* [Your task]
What you return must match the records word for word, except that pictures are dropped.

▬▬▬▬▬▬▬▬▬▬

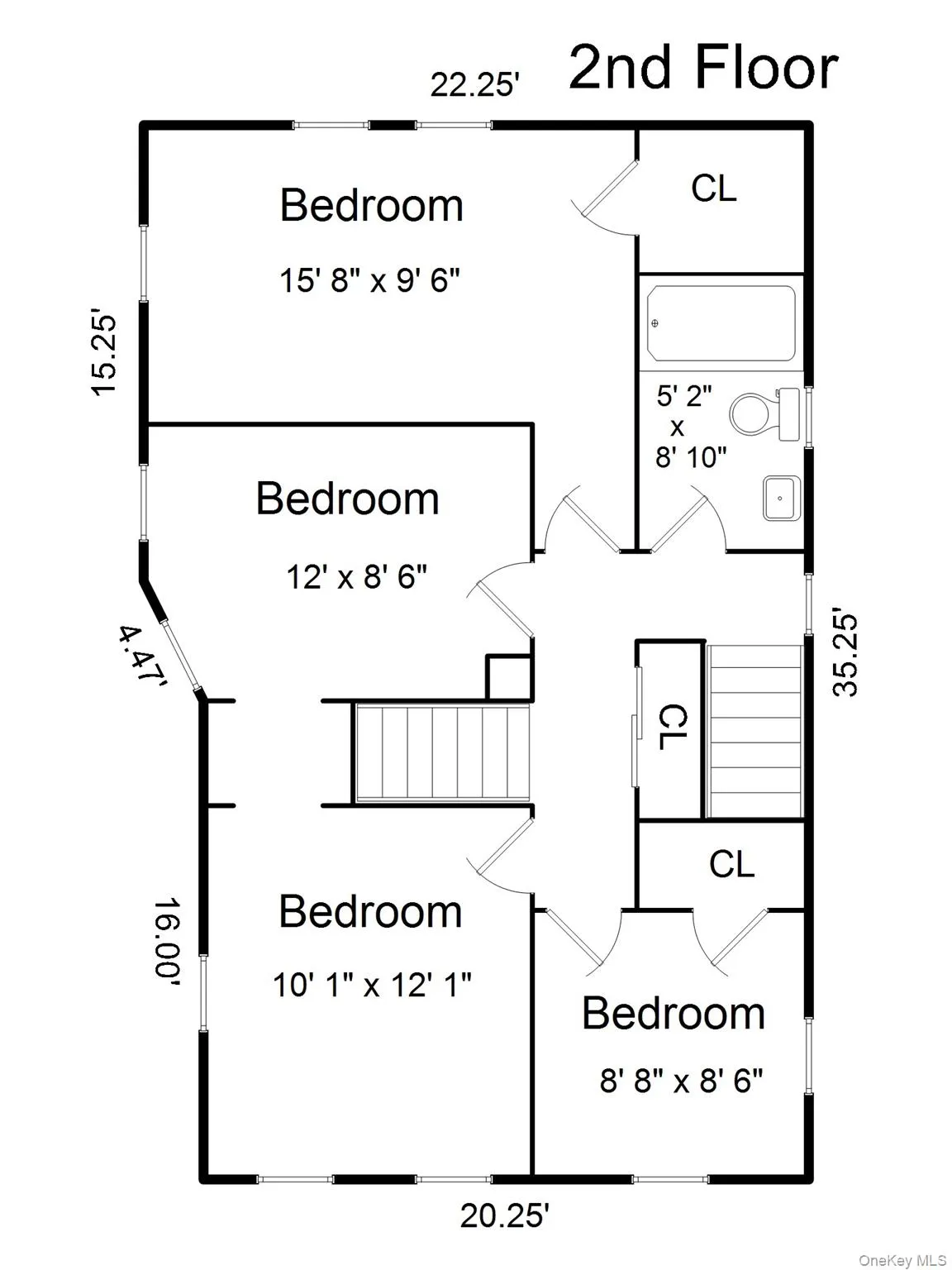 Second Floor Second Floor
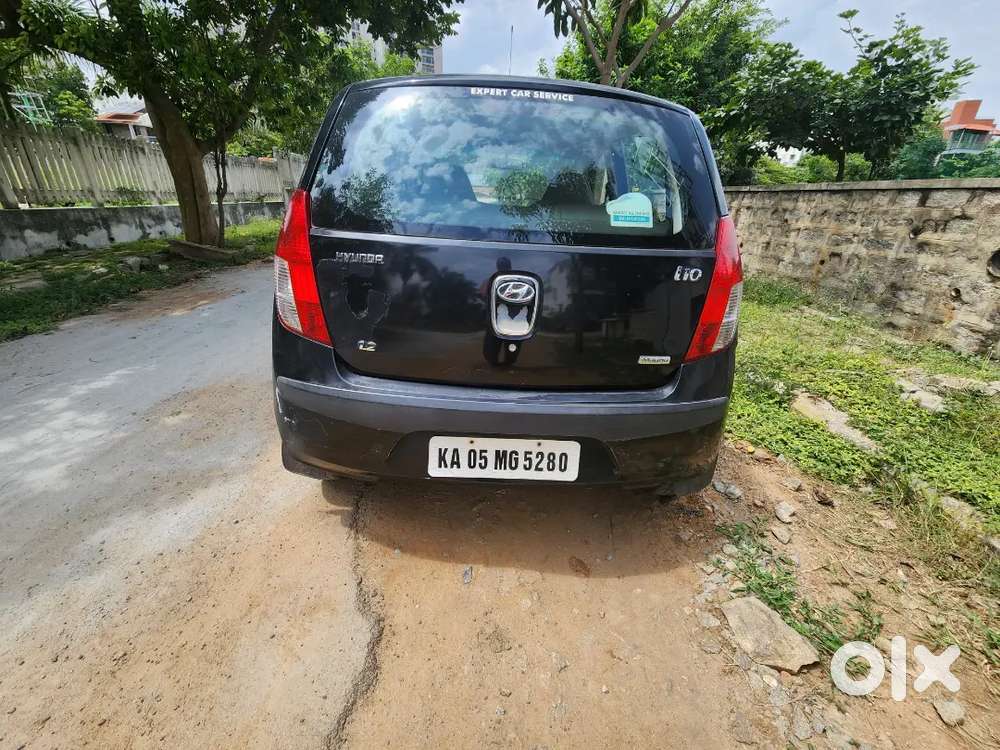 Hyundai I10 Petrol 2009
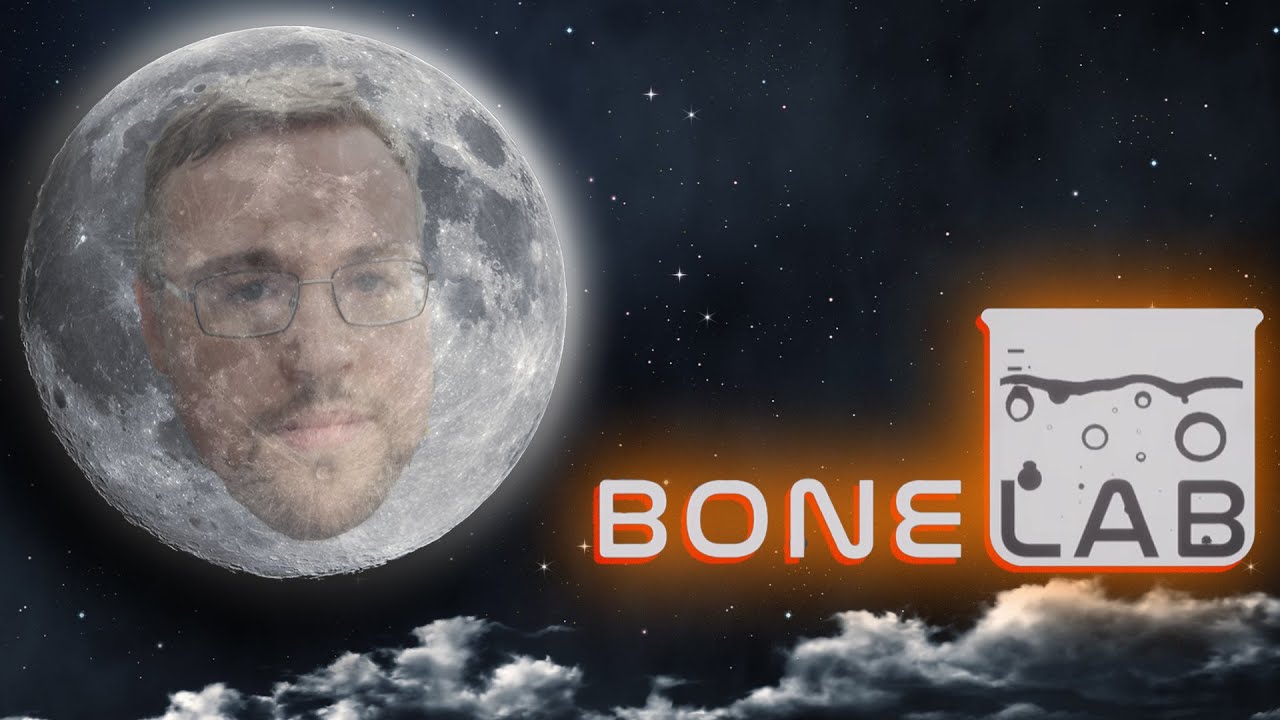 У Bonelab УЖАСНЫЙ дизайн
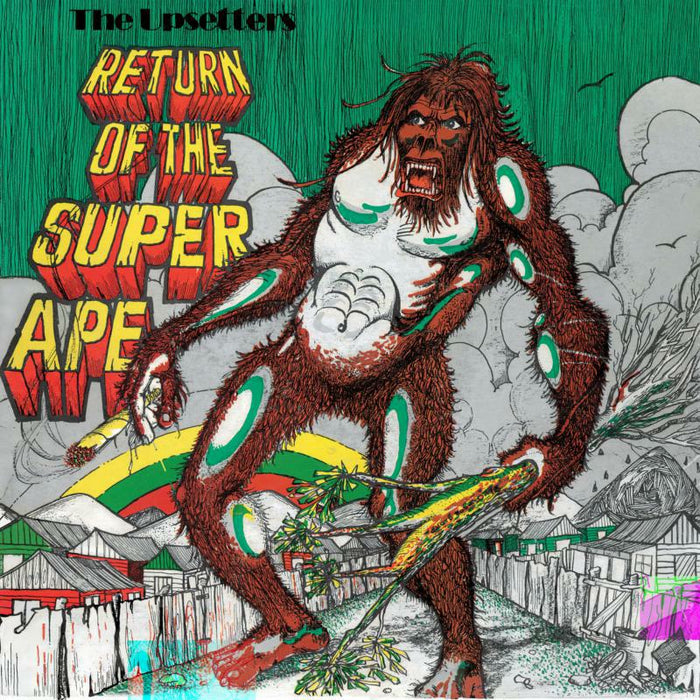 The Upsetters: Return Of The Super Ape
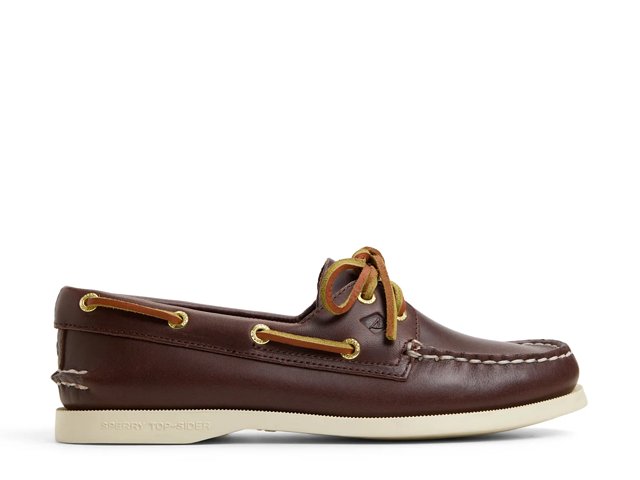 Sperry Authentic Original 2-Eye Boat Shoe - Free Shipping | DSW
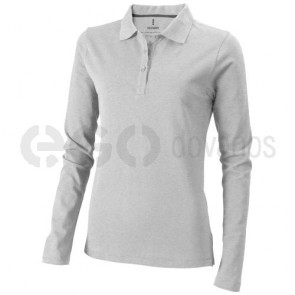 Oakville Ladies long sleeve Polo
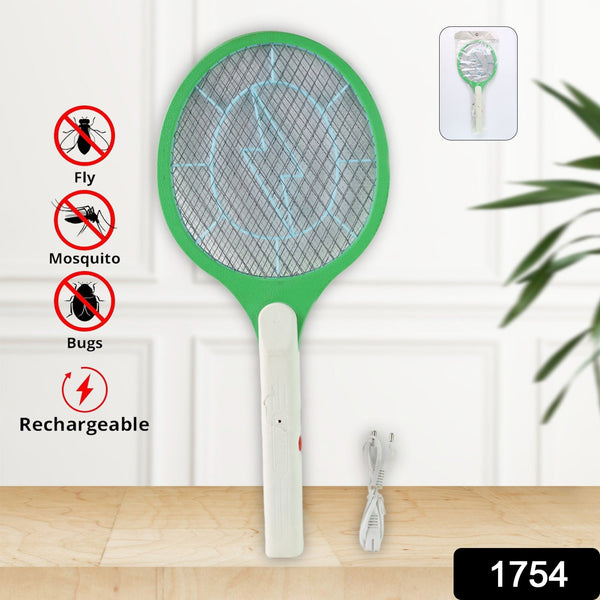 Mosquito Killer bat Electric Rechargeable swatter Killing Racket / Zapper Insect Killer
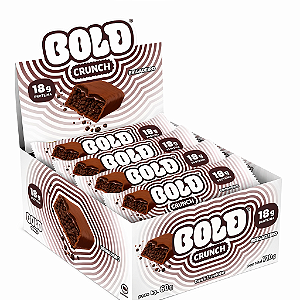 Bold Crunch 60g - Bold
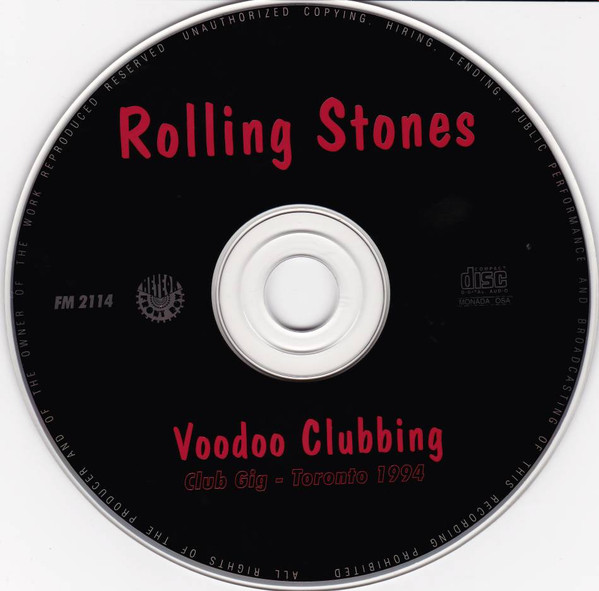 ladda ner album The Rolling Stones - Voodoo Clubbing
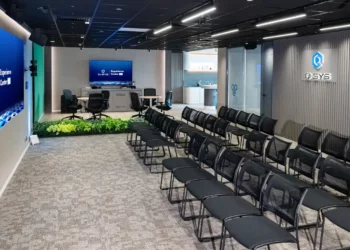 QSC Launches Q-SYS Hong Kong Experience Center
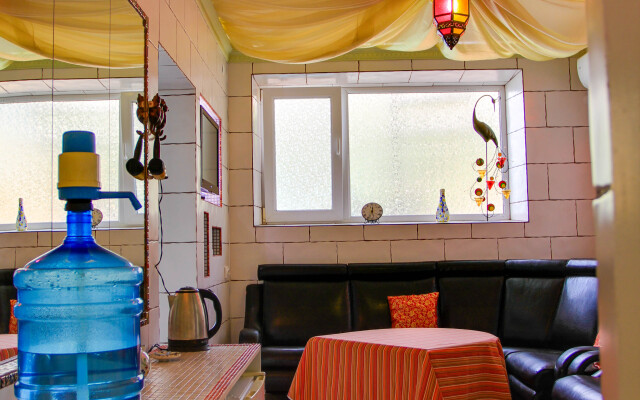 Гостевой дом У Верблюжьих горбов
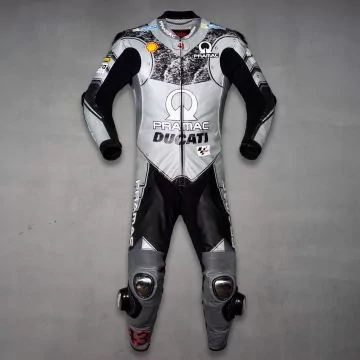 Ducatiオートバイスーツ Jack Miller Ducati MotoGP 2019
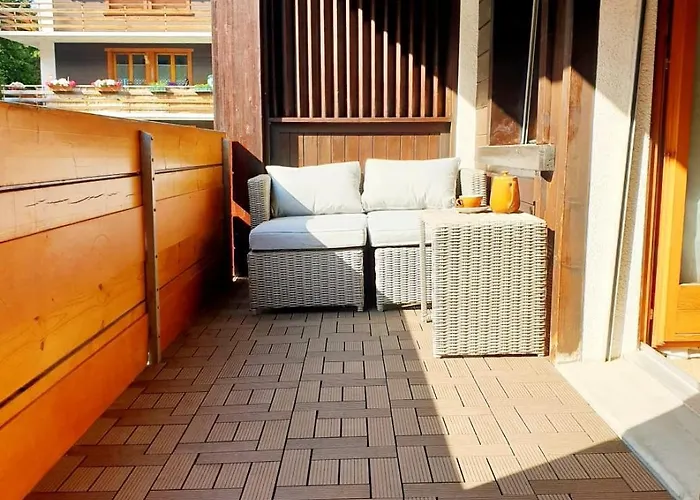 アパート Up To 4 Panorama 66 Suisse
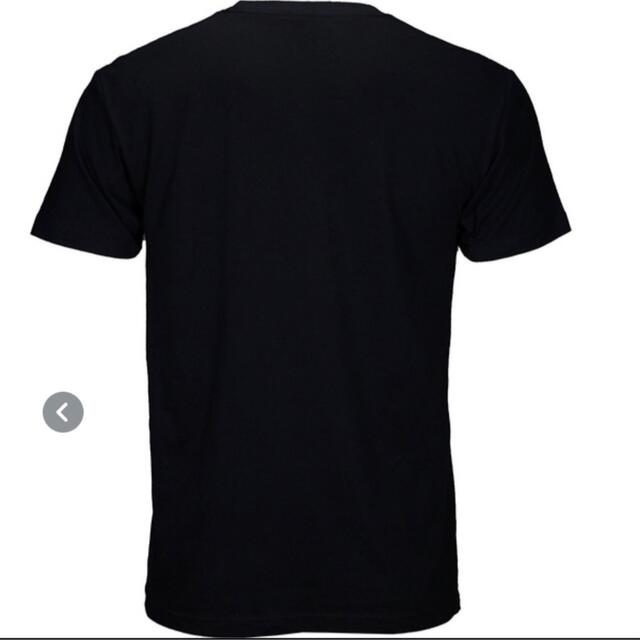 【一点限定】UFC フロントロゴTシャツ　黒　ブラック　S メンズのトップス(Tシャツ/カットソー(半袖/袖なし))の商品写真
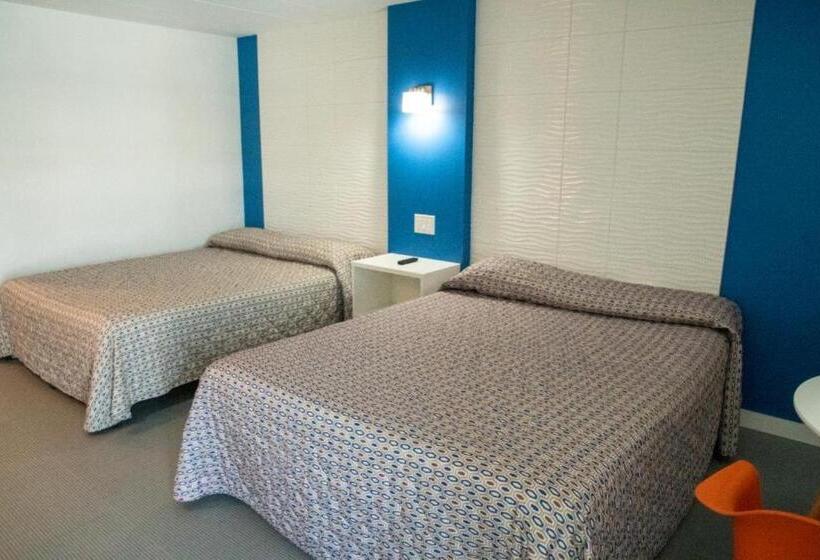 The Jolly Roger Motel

▬▬▬▬▬▬▬▬▬▬

* [Response to this exercise]
 Second Floor Second Floor
 Hyundai I10 Petrol 2009
 У Bonelab УЖАСНЫЙ дизайн
 The Upsetters: Return Of The Super Ape
 Sperry Authentic Original 2-Eye Boat Shoe - Free Shipping | DSW
 Oakville Ladies long sleeve Polo
 Mosquito Killer bat Electric Rechargeable swatter Killing Racket / Zapper Insect Killer
 Bold Crunch 60g - Bold
 ladda ner album The Rolling Stones - Voodoo Clubbing
 QSC Launches Q-SYS Hong Kong Experience Center
 Гостевой дом У Верблюжьих горбов
 Ducatiオートバイスーツ Jack Miller Ducati MotoGP 2019
 アパート Up To 4 Panorama 66 Suisse
 【一点限定】UFC フロントロゴTシャツ　黒　ブラック　S メンズのトップス(Tシャツ/カットソー(半袖/袖なし))の商品写真
 The Jolly Roger Motel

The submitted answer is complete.